**DIRECTIONS FOR THIS TASK:** Give back every entry exactly; drop the pictures.

☆ ☆ ☆ ☆ ☆ ☆ ☆

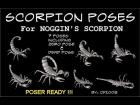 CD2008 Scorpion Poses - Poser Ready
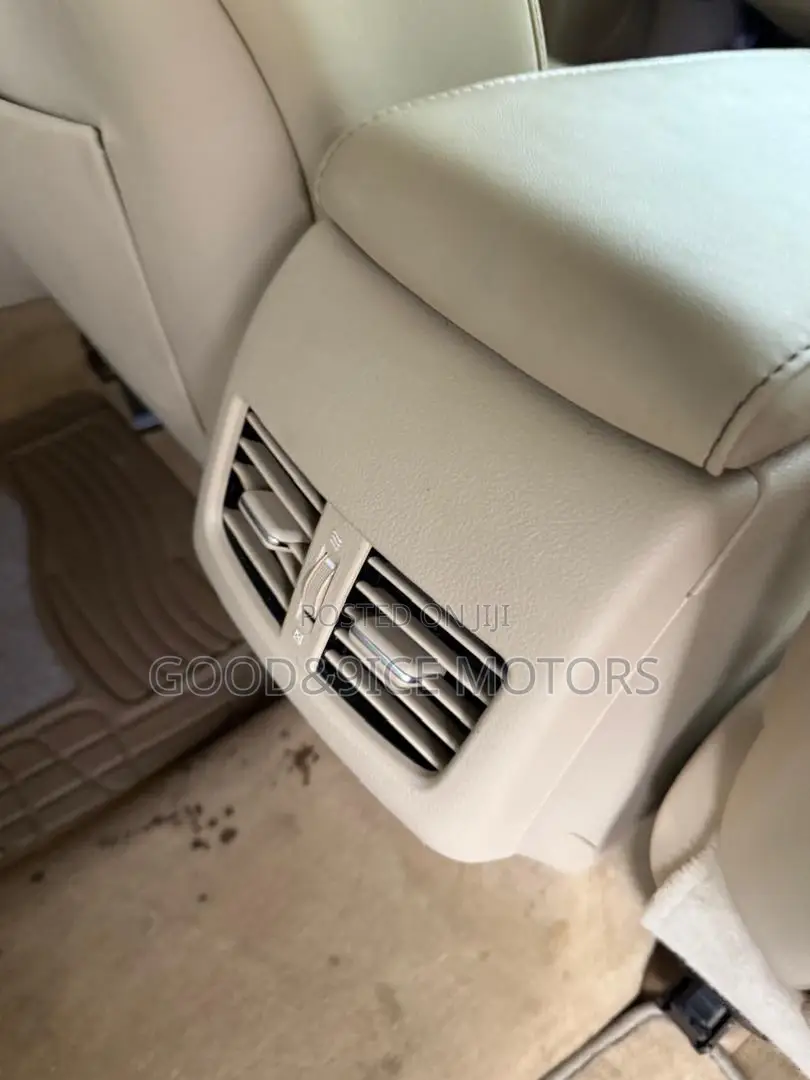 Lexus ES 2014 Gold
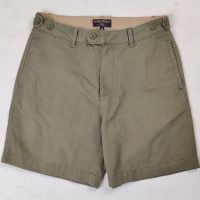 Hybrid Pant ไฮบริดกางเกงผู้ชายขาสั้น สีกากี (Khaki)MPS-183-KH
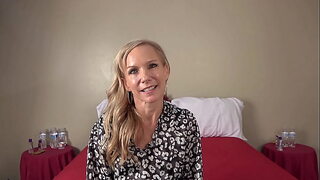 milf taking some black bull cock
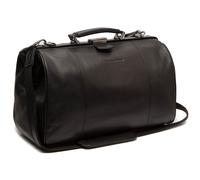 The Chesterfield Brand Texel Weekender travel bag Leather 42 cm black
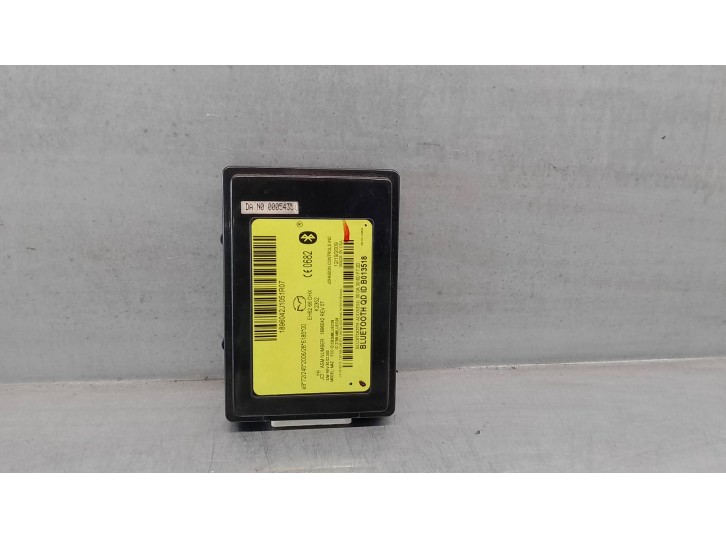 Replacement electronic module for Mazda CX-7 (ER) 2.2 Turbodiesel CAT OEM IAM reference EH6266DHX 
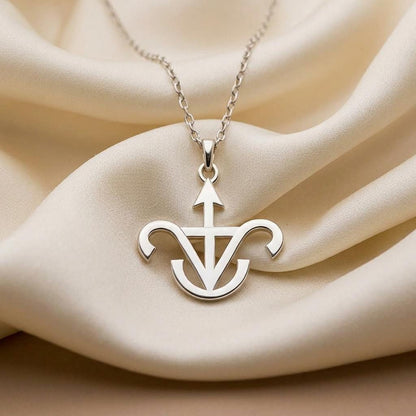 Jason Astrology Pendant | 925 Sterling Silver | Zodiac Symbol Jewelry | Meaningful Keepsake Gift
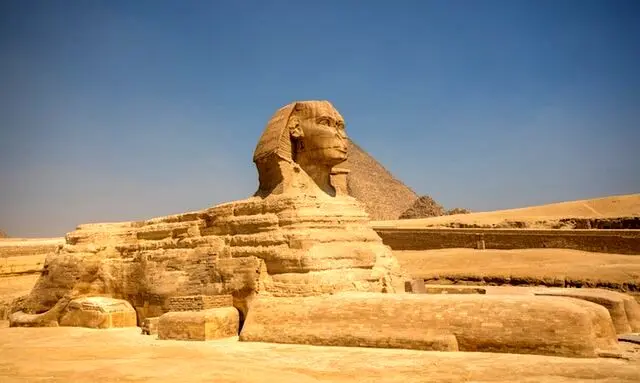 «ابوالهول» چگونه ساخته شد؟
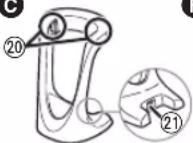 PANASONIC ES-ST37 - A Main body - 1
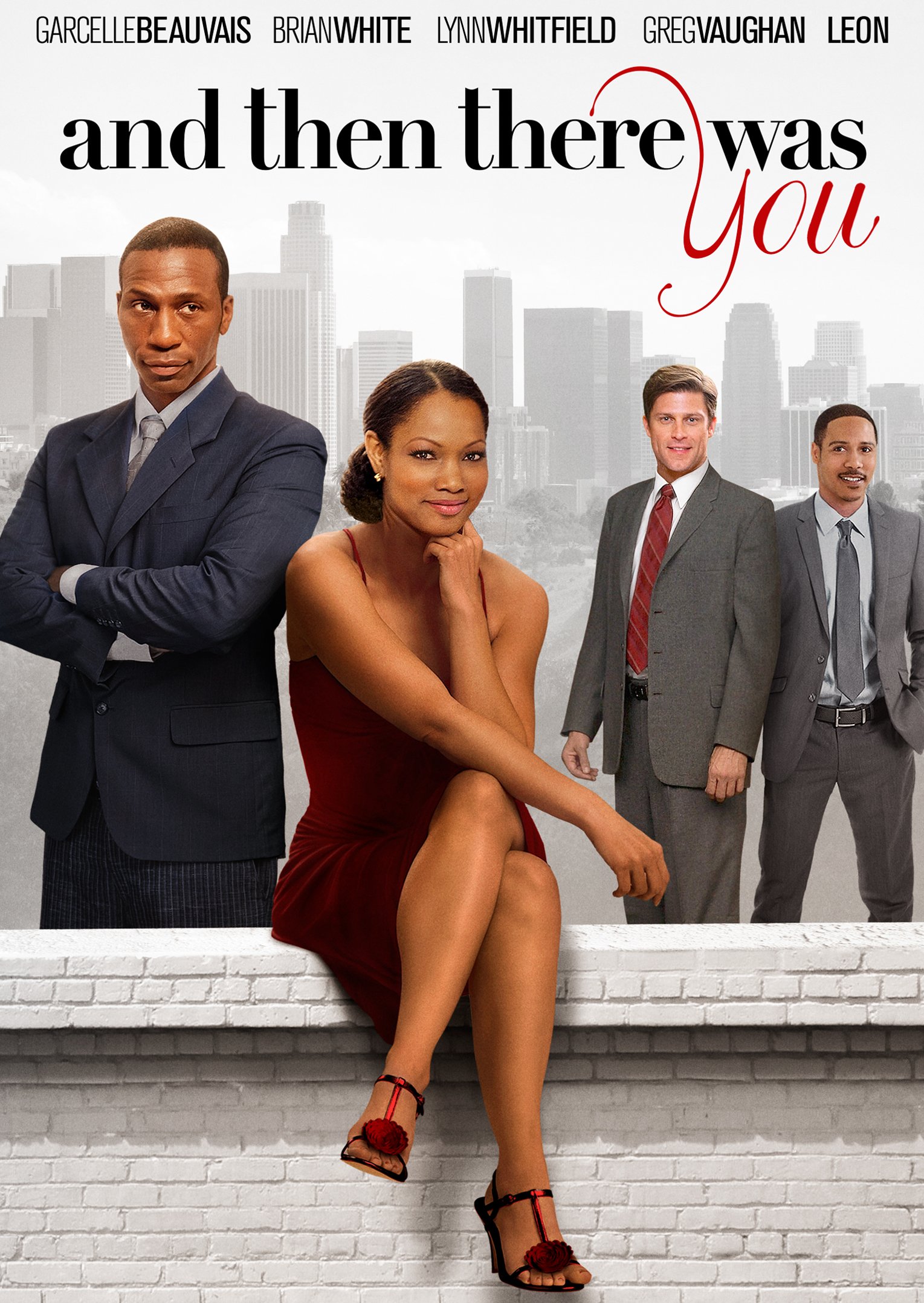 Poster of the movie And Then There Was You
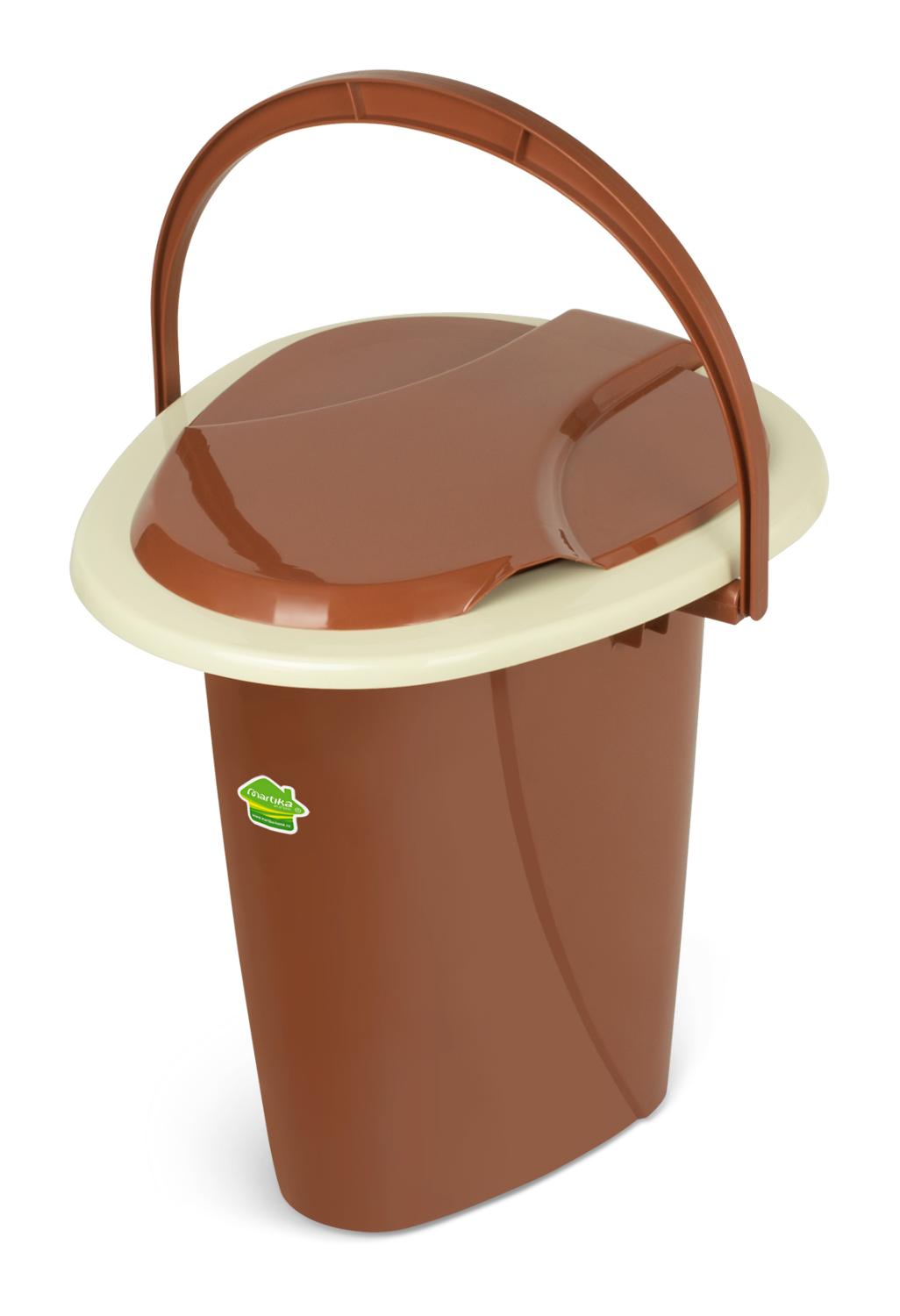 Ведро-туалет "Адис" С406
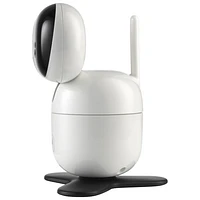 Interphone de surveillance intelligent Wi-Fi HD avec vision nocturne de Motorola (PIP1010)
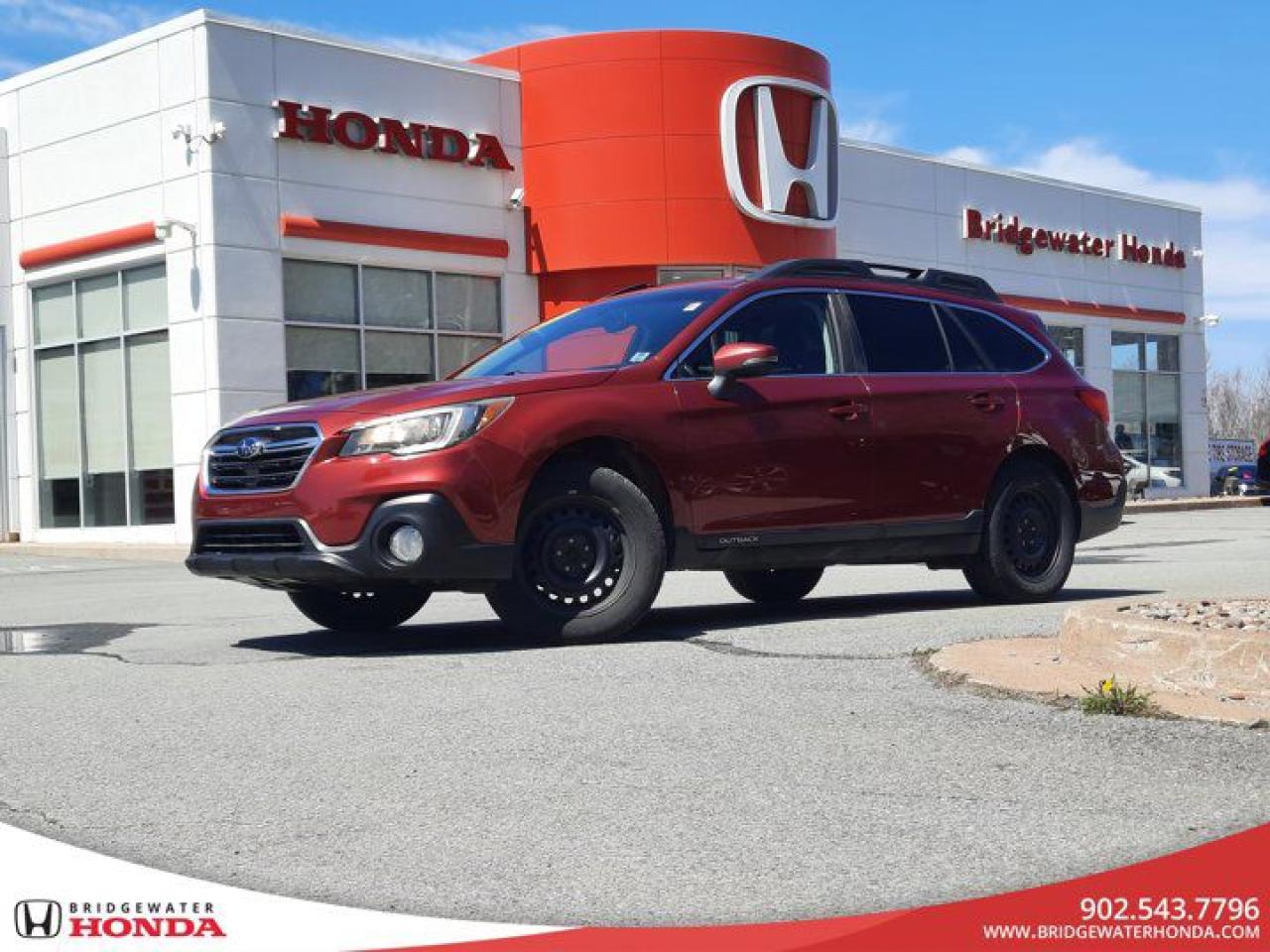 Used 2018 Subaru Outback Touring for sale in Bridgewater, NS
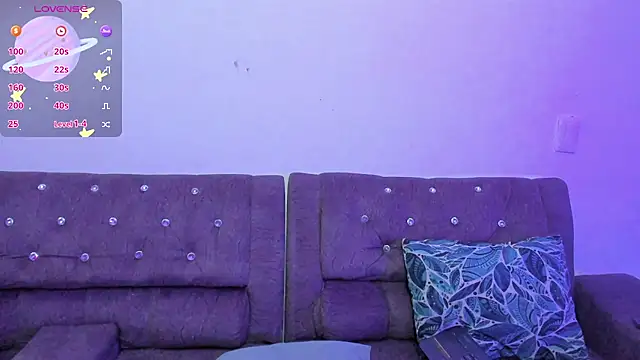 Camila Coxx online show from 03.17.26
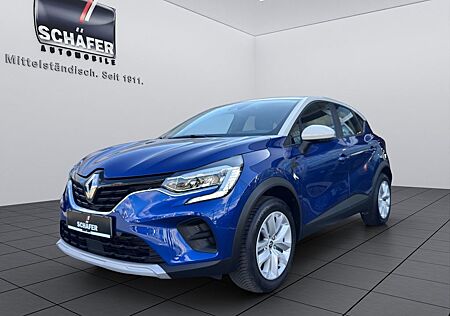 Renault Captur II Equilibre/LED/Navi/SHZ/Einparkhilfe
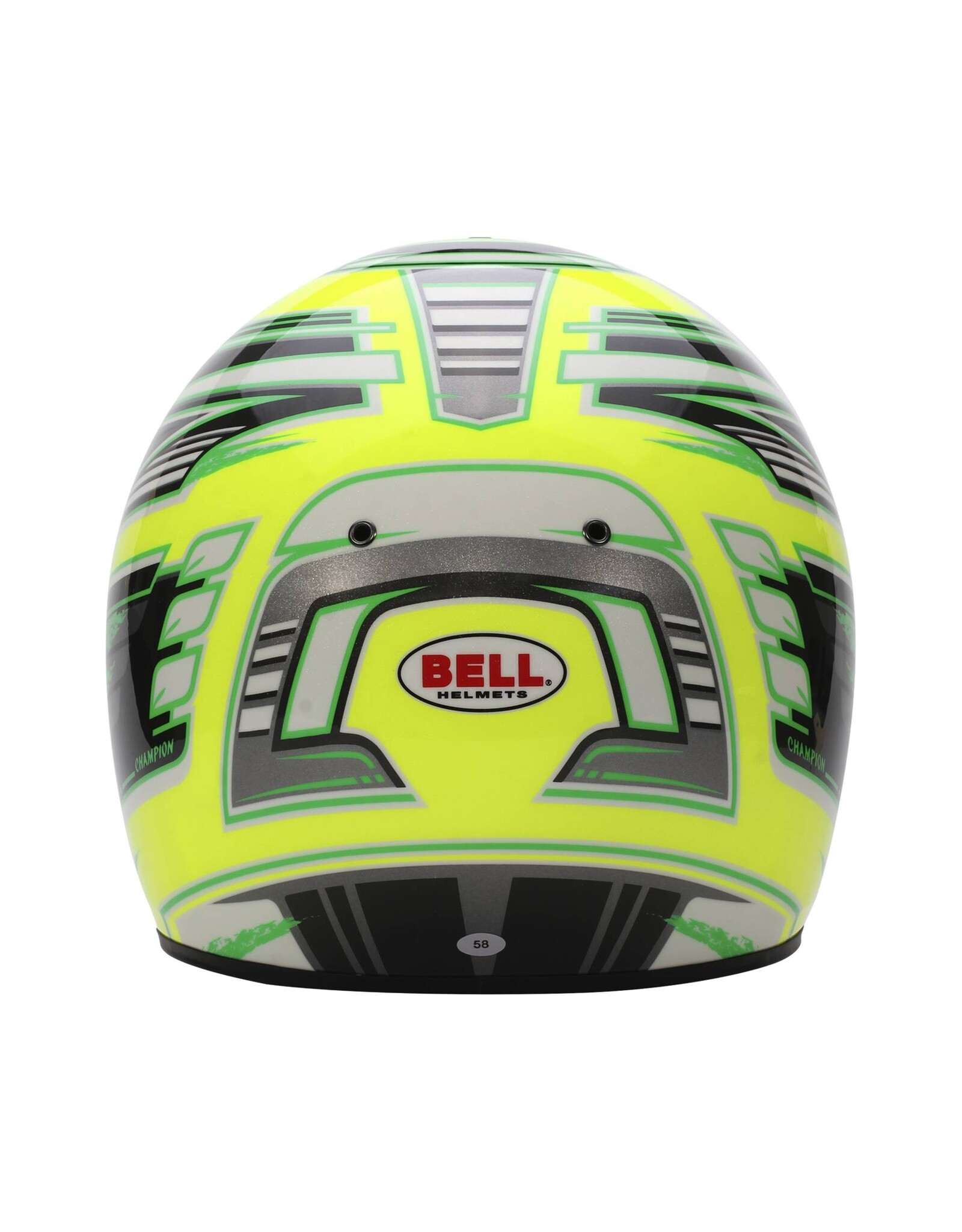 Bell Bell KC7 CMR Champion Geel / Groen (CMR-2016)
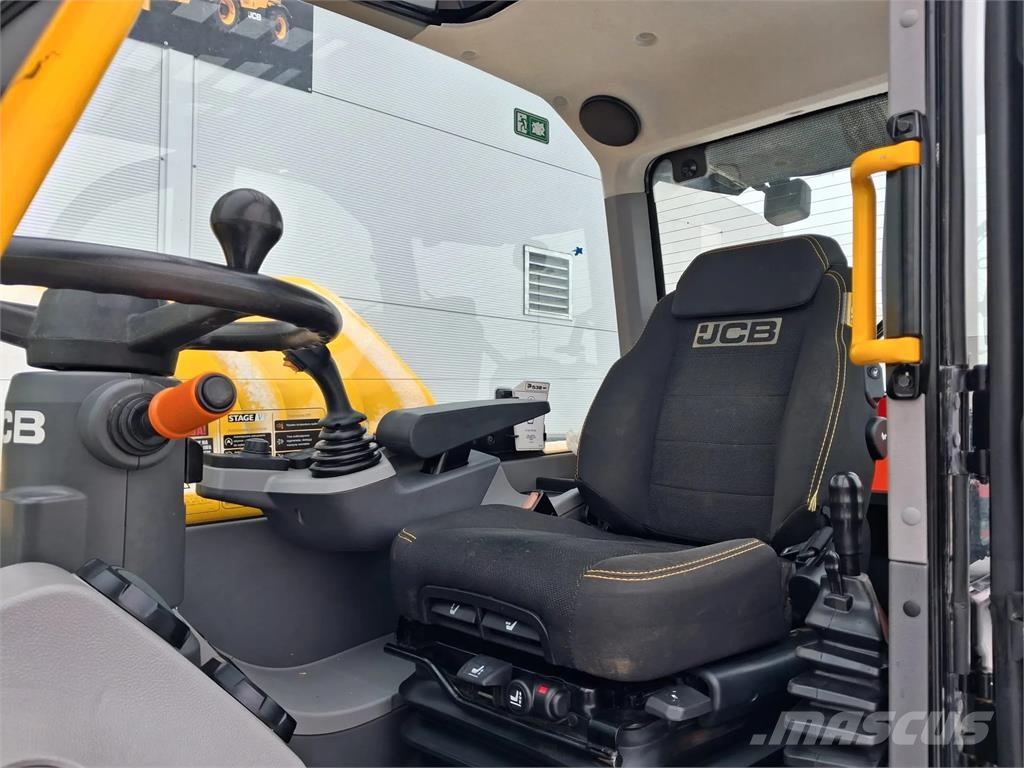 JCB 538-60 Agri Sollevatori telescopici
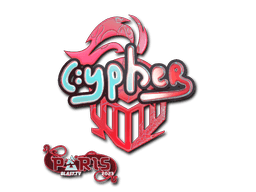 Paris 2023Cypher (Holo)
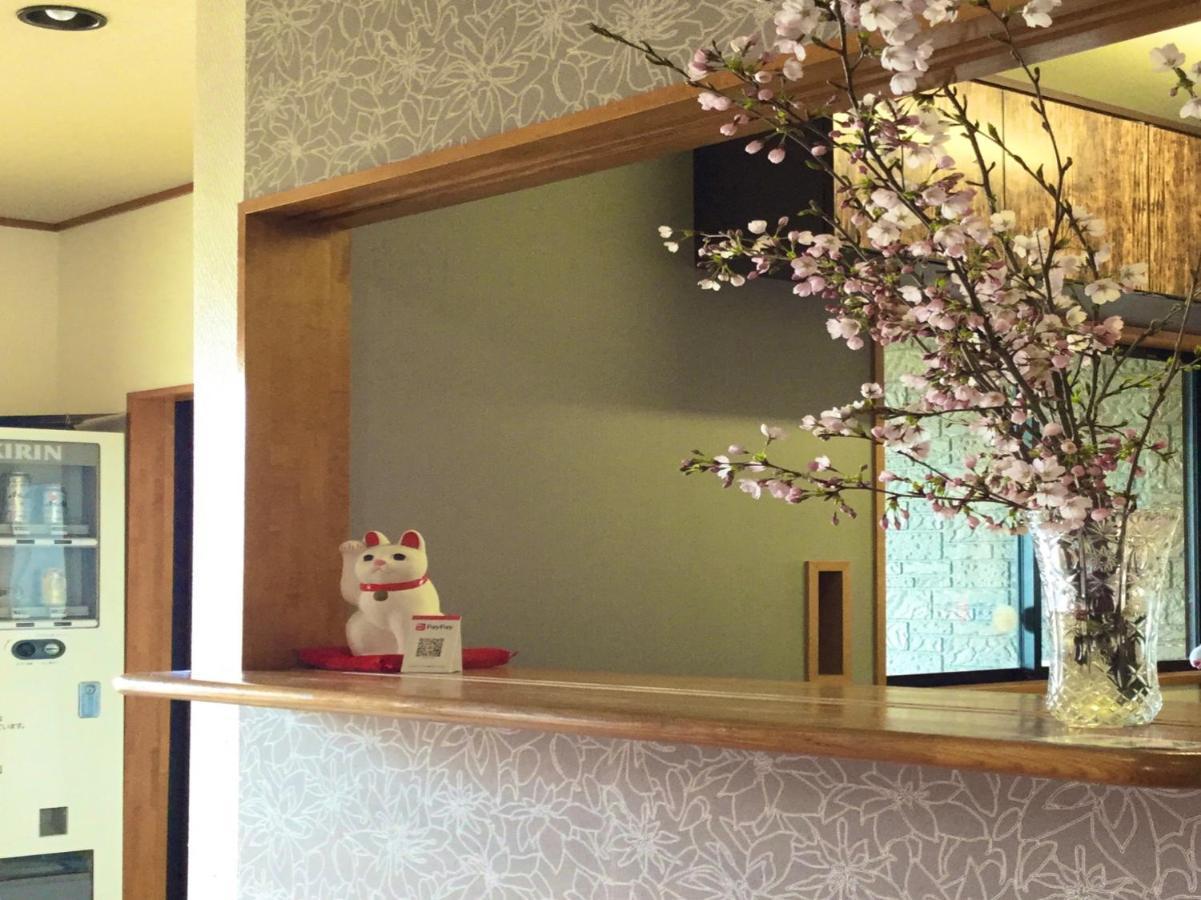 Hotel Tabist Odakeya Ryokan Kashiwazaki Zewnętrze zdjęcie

☆ ☆ ☆ ☆ ☆ ☆ ☆

**RESPONSE AREA:**
 CD2008 Scorpion Poses - Poser Ready
 Lexus ES 2014 Gold
 Hybrid Pant ไฮบริดกางเกงผู้ชายขาสั้น สีกากี (Khaki)MPS-183-KH
 milf taking some black bull cock
 The Chesterfield Brand Texel Weekender travel bag Leather 42 cm black
 Replacement electronic module for Mazda CX-7 (ER) 2.2 Turbodiesel CAT OEM IAM reference EH6266DHX 
 Jason Astrology Pendant | 925 Sterling Silver | Zodiac Symbol Jewelry | Meaningful Keepsake Gift
 «ابوالهول» چگونه ساخته شد؟
 PANASONIC ES-ST37 - A Main body - 1
 Poster of the movie And Then There Was You
 Ведро-туалет "Адис" С406
 Interphone de surveillance intelligent Wi-Fi HD avec vision nocturne de Motorola (PIP1010)
 Used 2018 Subaru Outback Touring for sale in Bridgewater, NS
 Camila Coxx online show from 03.17.26
 Renault Captur II Equilibre/LED/Navi/SHZ/Einparkhilfe
 Bell Bell KC7 CMR Champion Geel / Groen (CMR-2016)
 JCB 538-60 Agri Sollevatori telescopici
 Paris 2023Cypher (Holo)
 Hotel Tabist Odakeya Ryokan Kashiwazaki Zewnętrze zdjęcie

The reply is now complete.